Reputation: 370
I'm trying to solve an exercise where I have to sort an array. I have to sort it in a particular way: from the biggest number to the smallest number, from the lowest numbers of numbers to the highest numbers of numbers.
Example: if the given array is
[1, 6, 12, 66, 66, 66, 44, 44, 44, 34, 34, 4, 4, 4, 5, 5, 5, 5, 122, 122, 122, 122]
the result should be:
[12, 6, 1, 34, 34, 66, 66, 66, 44, 44, 44, 4, 4, 4, 122, 122, 122, 122, 5, 5, 5, 5]
My idea was to measure the length of the same elements in the array and sort them from lowest to highest, and then sort the biggest to the smallest number. I cannot even get past the point of comparing the elements with one another, let alone the length of them. Is it normal to be that difficult to compare elements with each other? This is just one of the hundreds of different attempts to compare.
function sortIt(arr){
let result = [];
for (let i = 0; i < arr.length; i++) {
for (let j = arr.length - 1; j <= 0; j--) {
if (arr[j] === arr[i]) {
result.push(arr[i]);
}
}
}
console.log(result)
}
Upvotes: 0
Views: 67
Reputation: 413727
I think you'll need to transform the array into an array of objects so you can keep the original values and the occurrence counts. Then you can sort that on both keys, strip out only the values afterwards:
const array = [1, 6, 12, 66, 66, 66, 44, 44, 44, 34, 34, 4, 4, 4, 5, 5, 5, 5, 122, 122, 122, 122];
function sortIt(arr) {
let oarr = array.reduce((accum, v) => (accum[v] = accum[v] ? accum[v]+1 : 1, accum), {});
let combined = array.map(v => ({ value: v, count: oarr[v] }));
return combined.sort((a, b) => a.count - b.count || b.value - a.value).map(o => o.value);
}
console.log(sortIt(array));
In that code, first oarr
is constructed to count the occurrences of each value. The second step creates a new array of objects with properties for the original value and the count. The last step performs the sort and then builds an array from only the values in the sorted result.

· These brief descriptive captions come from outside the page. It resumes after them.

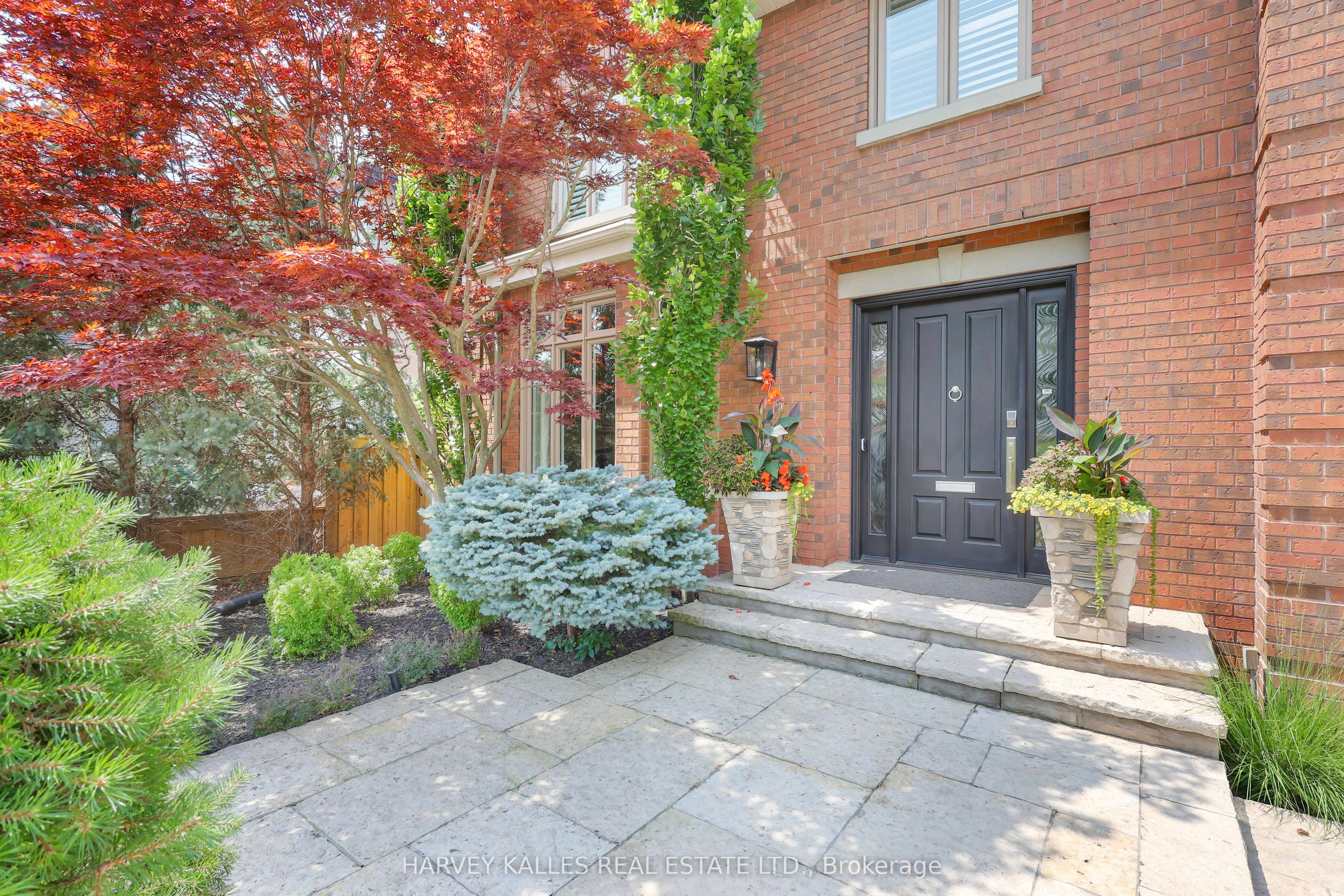 254 Yonge Boulevard, Toronto, ON M5M 3J3 photo 2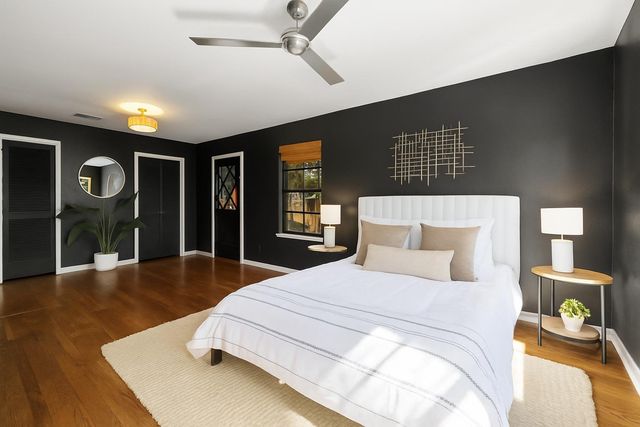 2008 Matthews LN, Austin, TX 78745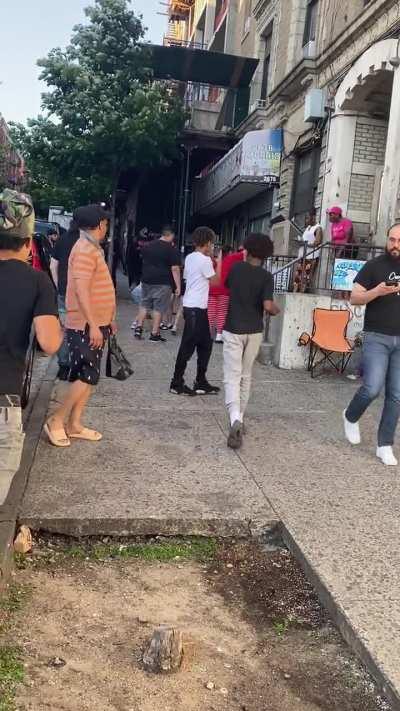 This happened like 3-ish hours ago when I was walking back home. 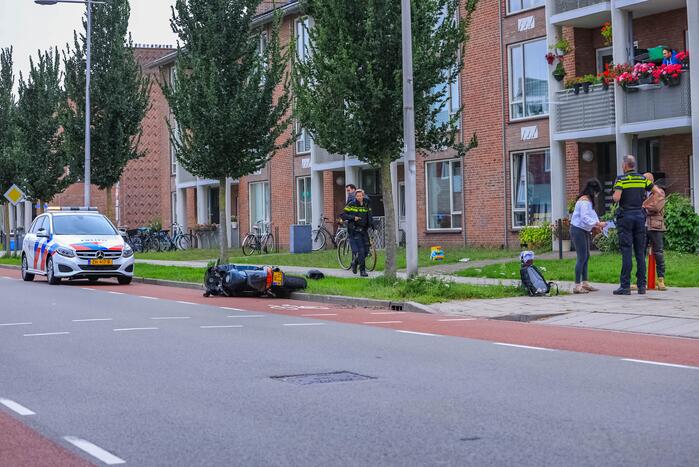 Motorrijder botst op lantaarnpaal bij uitwijkmanoeuvre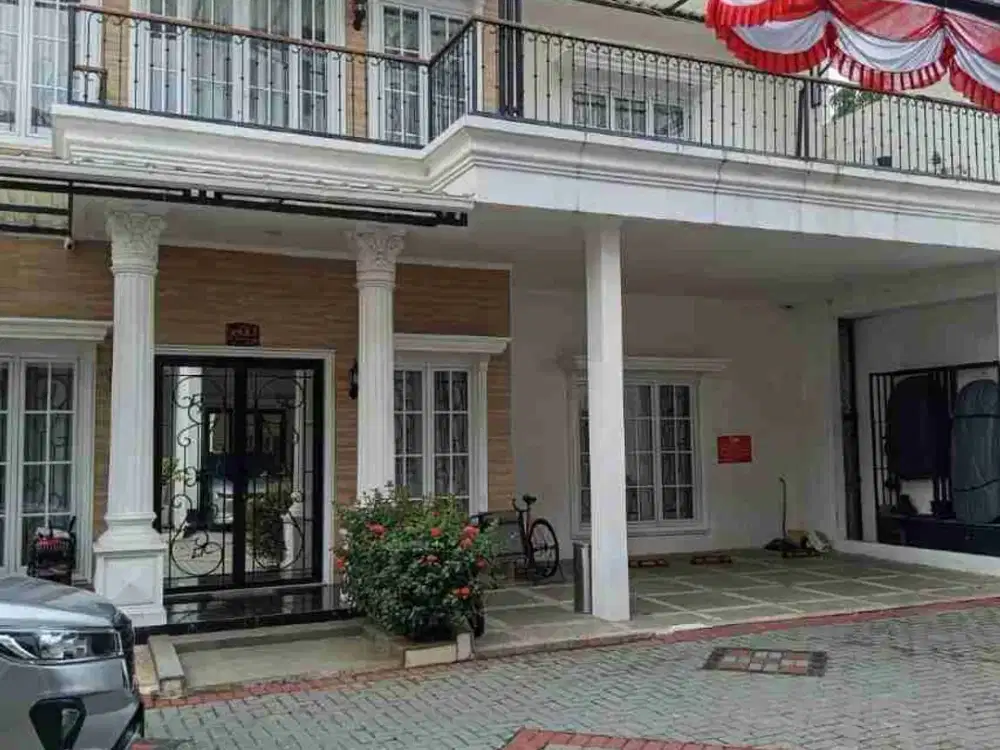 Rumah Cantik 2 unit di The Royal Bintaro Pesanggrahan JakSel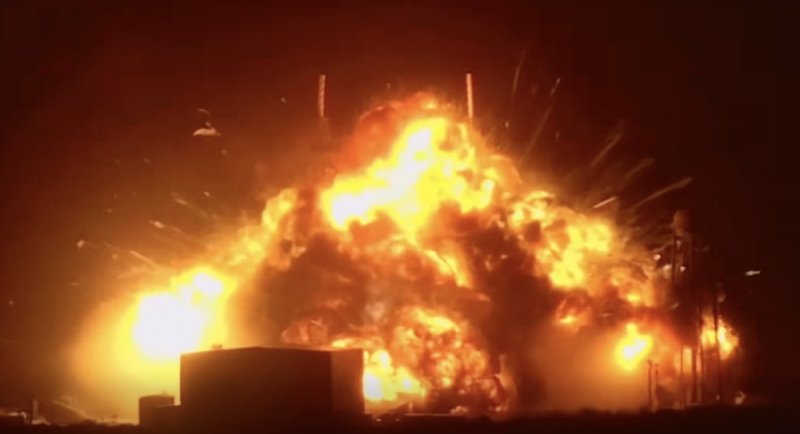 Blue Origin rocket explodes in fireball during launchpad test -  VIDEO 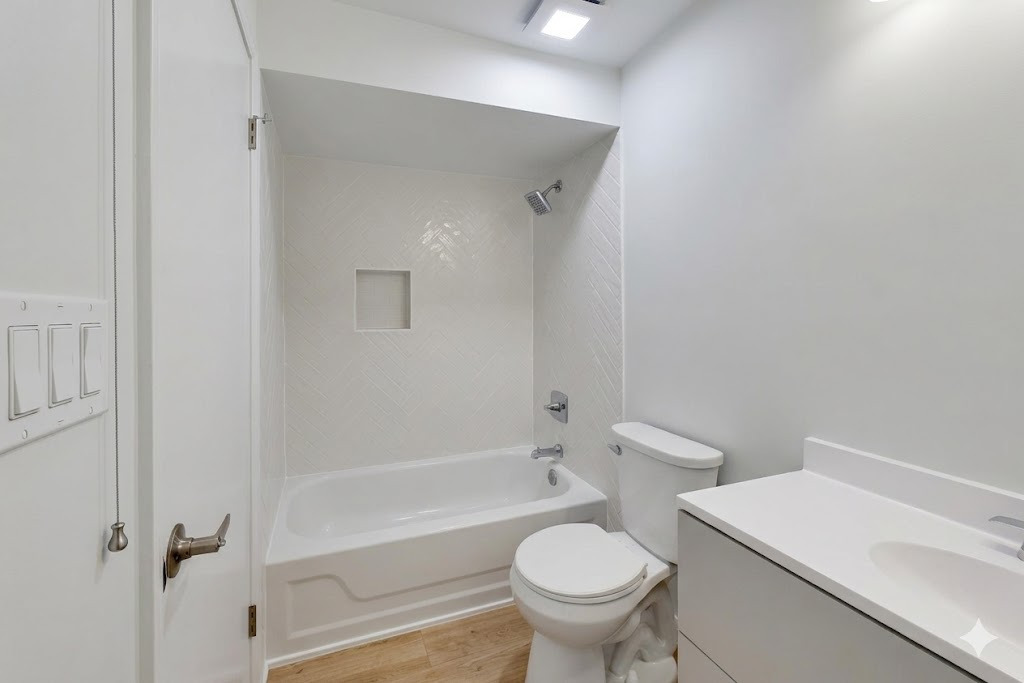 958 Inverrary Lane, Unit 958 Deerfield, IL 60015 - Photo 10 of 14 a bathroom with a sink toilet vanity and shower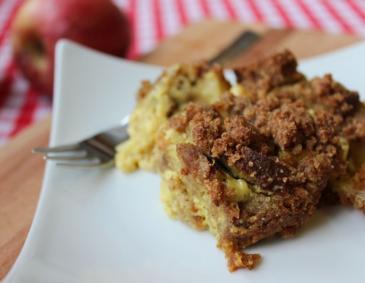 Apfel-Brotauflauf mit Kokoszucker-Streuseln Apfel-Brotauflauf mit Kokoszucker-Streuseln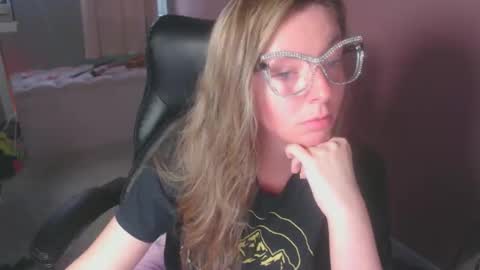 MandyBabyXXX online show from March 4, 11:11 pm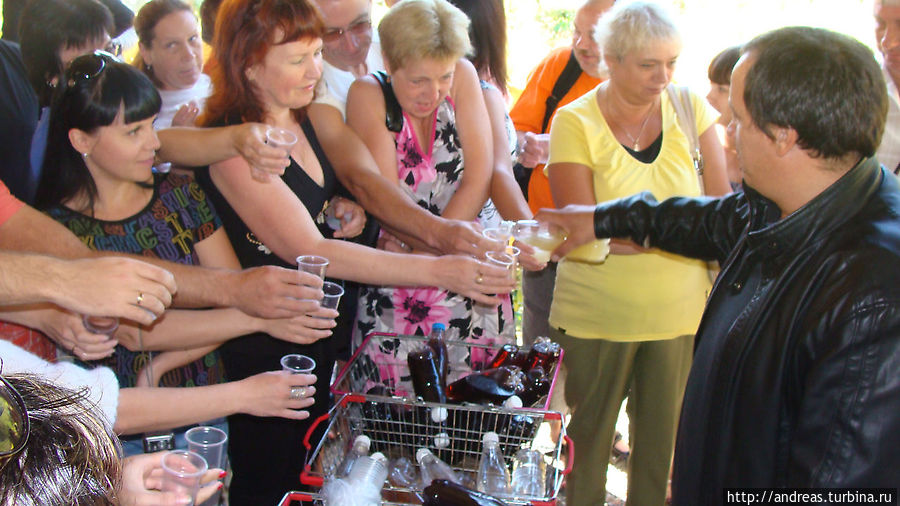 Фотография золушка курит. Мем золушка курит. Возмутило общественность. Возмутило общественность. Возмутило общественность.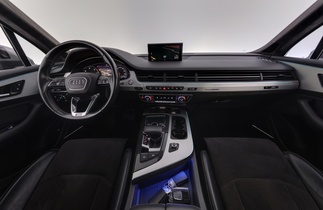 Audi Q7 vaihtoauto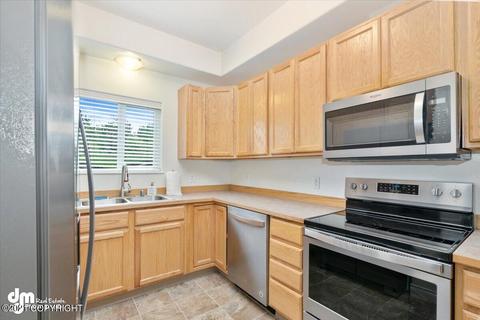 9203 Commons Pl # 2, Anchorage, AK 99502 photo 10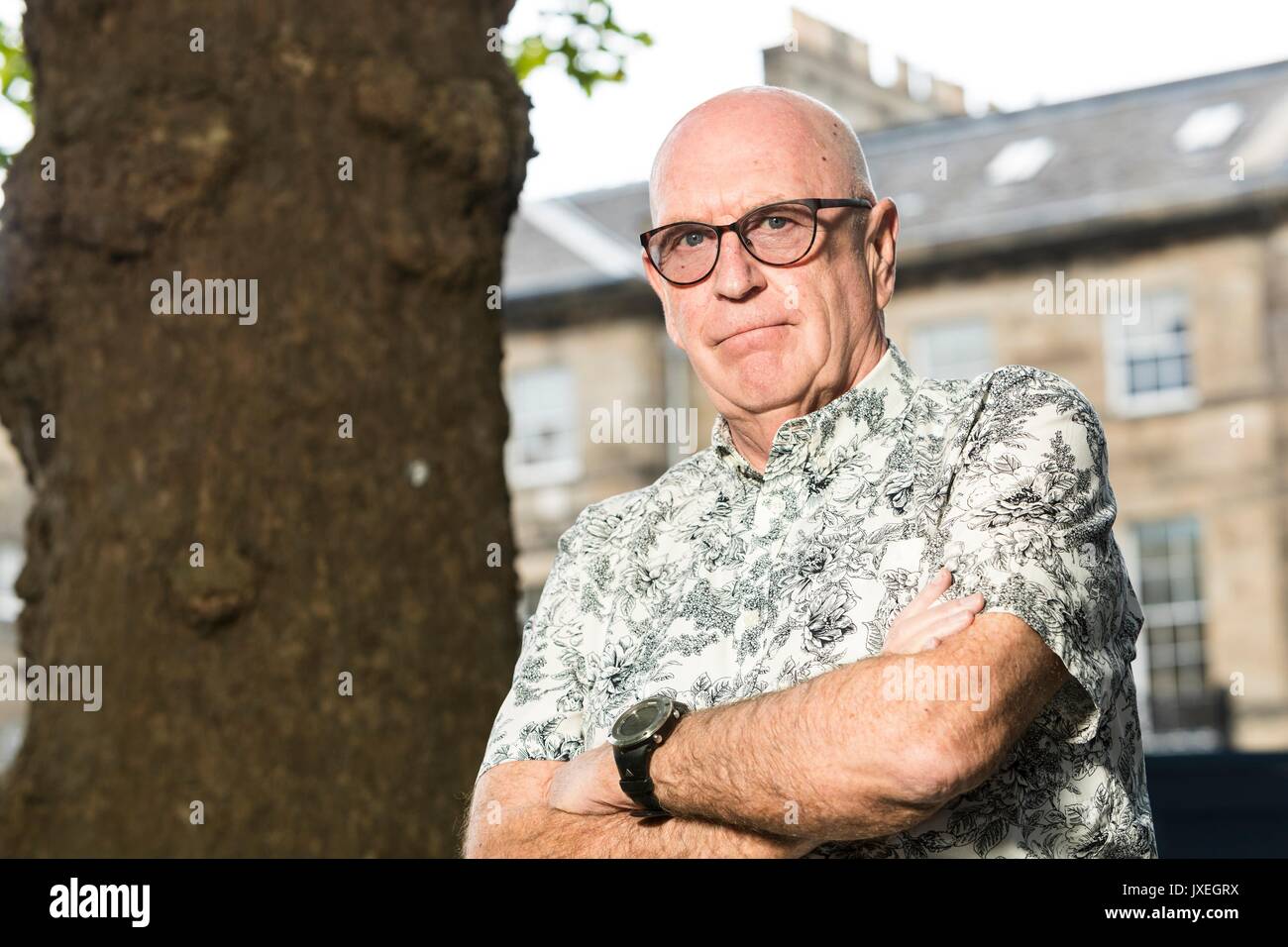 Edinburgh, Großbritannien. 16 Aug, 2017. Quintin Jardine erscheinen an der Edinburgh International Book Festival Quintin Jardine ist eine schottische Autor von drei Serie von Kriminalromanen mit dem fiktiven Figuren Bob Skinner, Oz Blackstone, und Primavera Blackstone. Credit: Rich Dyson/Alamy leben Nachrichten Stockfoto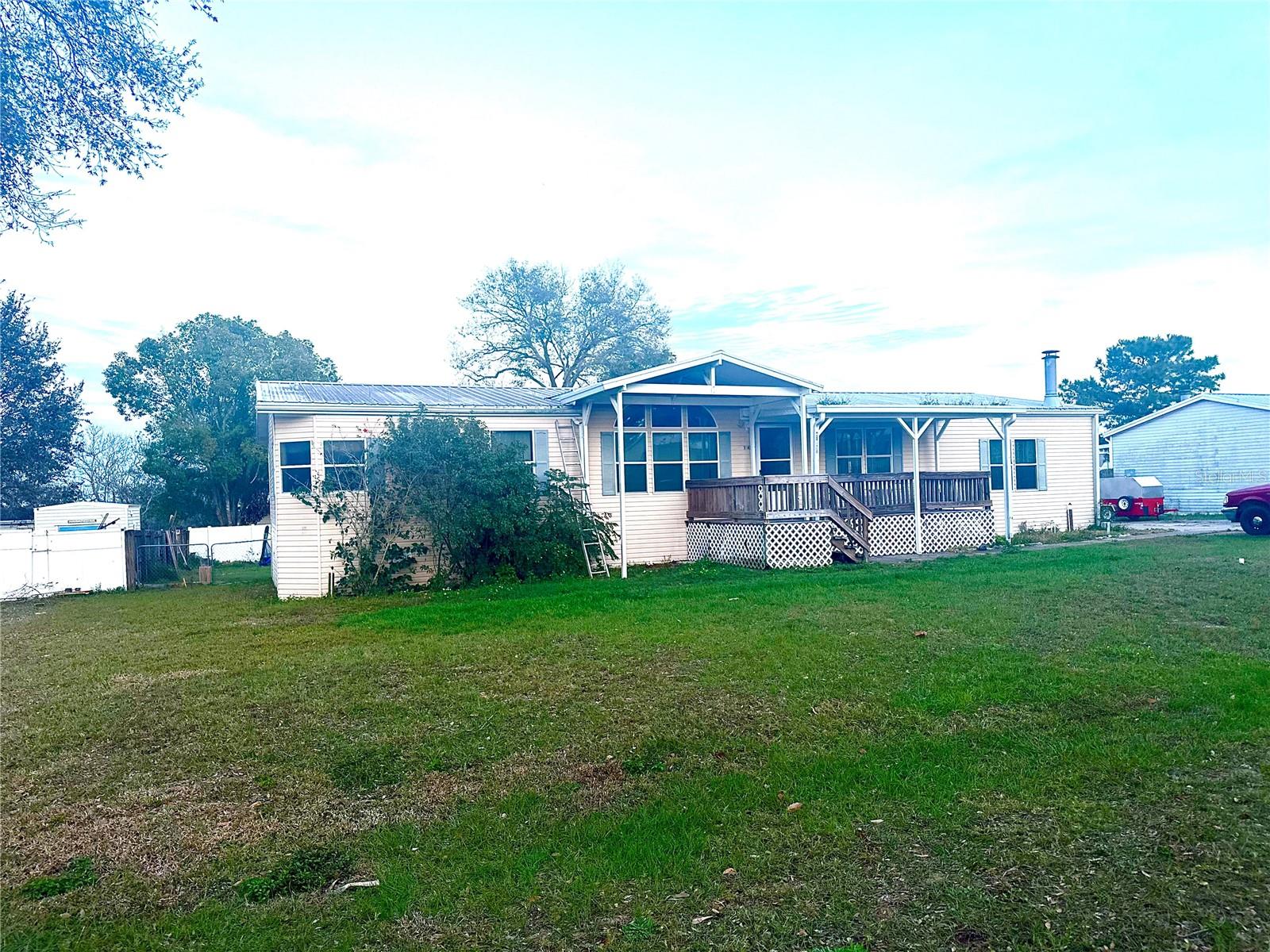 11428 Pheasant Trl Property Photo 2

The sort comparison compares the value counts first, which is what your expected result requires. In general, when you have to sort on multiple "keys", the correct approach is to use a comparison function that works from the most important key to the least important key. Here, that's done by this function:
(a, b) => a.count - b.count || b.value - a.value
If the counts are the same, then a.count - b.count
will return 0, so the ||
evaluation will proceed to the value comparison. If the counts, are different, however, then that's the result of the comparison because the values don't matter.